=== Material to process ===
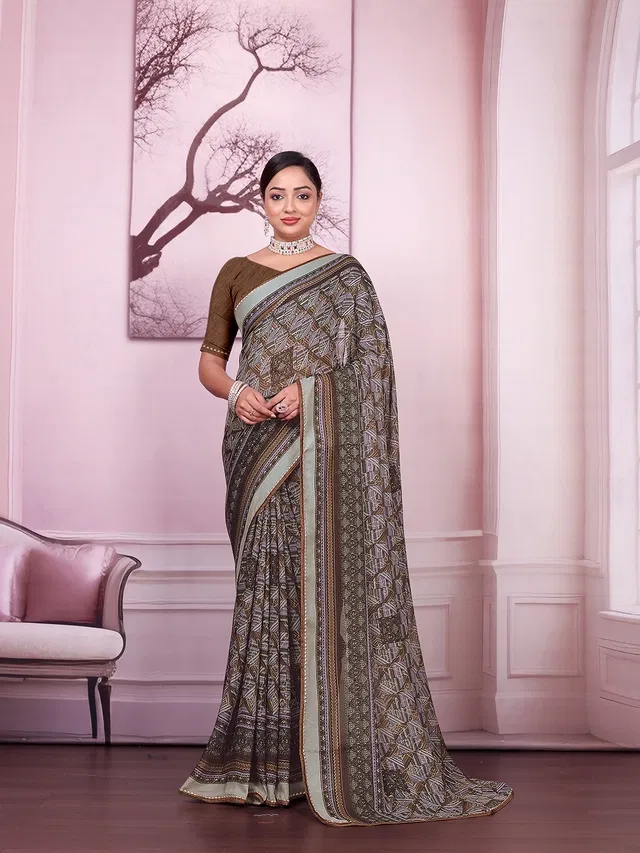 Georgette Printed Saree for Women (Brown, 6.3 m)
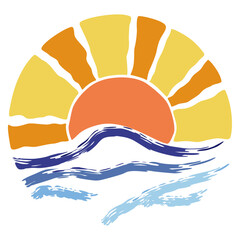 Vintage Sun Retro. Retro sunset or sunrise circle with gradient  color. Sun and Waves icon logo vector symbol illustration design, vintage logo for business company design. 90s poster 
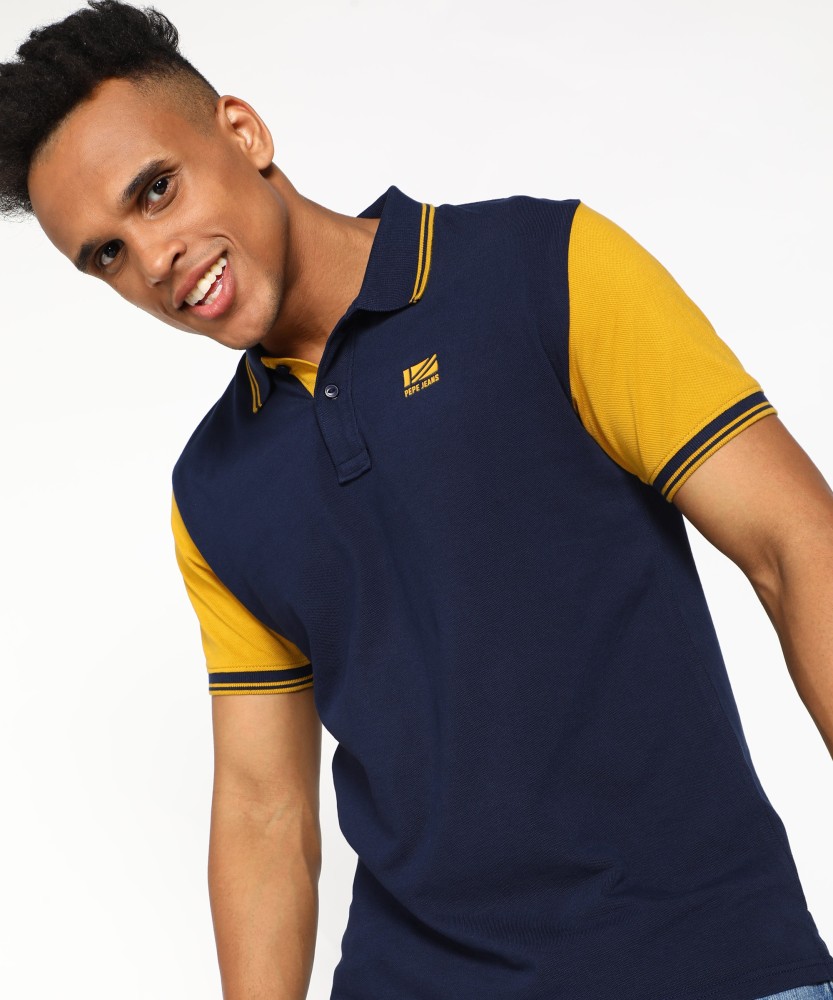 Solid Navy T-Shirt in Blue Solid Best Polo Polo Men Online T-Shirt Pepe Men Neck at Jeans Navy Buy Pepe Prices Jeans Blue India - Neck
===
=== Material to process ===
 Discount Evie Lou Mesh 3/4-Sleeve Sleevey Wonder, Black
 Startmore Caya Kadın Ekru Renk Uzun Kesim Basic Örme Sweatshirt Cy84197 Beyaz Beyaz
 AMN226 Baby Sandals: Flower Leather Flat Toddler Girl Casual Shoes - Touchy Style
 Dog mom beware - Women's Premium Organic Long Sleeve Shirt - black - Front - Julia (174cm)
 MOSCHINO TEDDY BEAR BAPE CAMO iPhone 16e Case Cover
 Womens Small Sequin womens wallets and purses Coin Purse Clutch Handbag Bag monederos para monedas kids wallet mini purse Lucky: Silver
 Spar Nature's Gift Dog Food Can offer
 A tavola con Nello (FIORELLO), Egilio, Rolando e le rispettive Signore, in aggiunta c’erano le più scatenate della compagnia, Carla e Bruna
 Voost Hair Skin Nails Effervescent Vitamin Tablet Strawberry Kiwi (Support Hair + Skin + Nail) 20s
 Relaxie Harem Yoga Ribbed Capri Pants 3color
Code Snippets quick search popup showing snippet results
===
Instructions to follow
Copy every line from the records that holds the string "Sleeve".

Answer to this problem
 Discount Evie Lou Mesh 3/4-Sleeve Sleevey Wonder, Black
 Dog mom beware - Women's Premium Organic Long Sleeve Shirt - black - Front - Julia (174cm)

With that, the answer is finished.